Stubborn little Alì followed us, and we crawled to the edge of the well. The master’s house seemed dark and forbidding. We knew that Hussain Khan slept like an ox. Some nights his snoring sounded like a thunderstorm, but the mistress … she heard every sound, the slightest rustling, even, I bet, the wing beat of a night bird. We had often seen her in her bathrobe, wandering around in the dark, muttering fiercely as she pried into every corner of the courtyard.

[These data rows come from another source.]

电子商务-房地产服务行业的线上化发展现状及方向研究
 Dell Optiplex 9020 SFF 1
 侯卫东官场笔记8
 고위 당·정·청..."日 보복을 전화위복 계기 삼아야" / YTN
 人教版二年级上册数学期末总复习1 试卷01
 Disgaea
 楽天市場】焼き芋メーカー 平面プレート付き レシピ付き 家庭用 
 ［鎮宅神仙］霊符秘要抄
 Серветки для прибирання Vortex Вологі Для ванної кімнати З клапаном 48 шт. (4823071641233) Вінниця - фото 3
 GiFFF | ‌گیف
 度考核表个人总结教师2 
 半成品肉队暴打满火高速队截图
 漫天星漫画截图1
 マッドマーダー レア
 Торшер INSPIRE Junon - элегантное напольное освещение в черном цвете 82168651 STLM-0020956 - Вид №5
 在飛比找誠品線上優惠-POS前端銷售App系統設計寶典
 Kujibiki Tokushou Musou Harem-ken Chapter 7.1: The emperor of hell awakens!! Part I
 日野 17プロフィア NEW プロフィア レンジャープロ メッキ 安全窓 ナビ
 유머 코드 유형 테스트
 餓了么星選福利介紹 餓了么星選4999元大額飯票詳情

“And what if they see us?”
From the edge of the well two leaps would take us to the safety of Hussain’s van. It smelled of gas and burnt oil. From there, however, the way to the iron door that led to the Tomb offered no hiding places, but passed right below one of Hussain’s bedroom windows. I was afraid it would be impossible to sneak by without waking the mistress. She was standing there—I was positive—hidden behind the curtains like a predatory animal, waiting for us to take just one step.
For a second I thought it would be better to go back, but then I felt ashamed. I turned to look at Salman: He was probably afraid, too, but he knew he had to try first. After all, I was only a girl, right? And Alì was too little.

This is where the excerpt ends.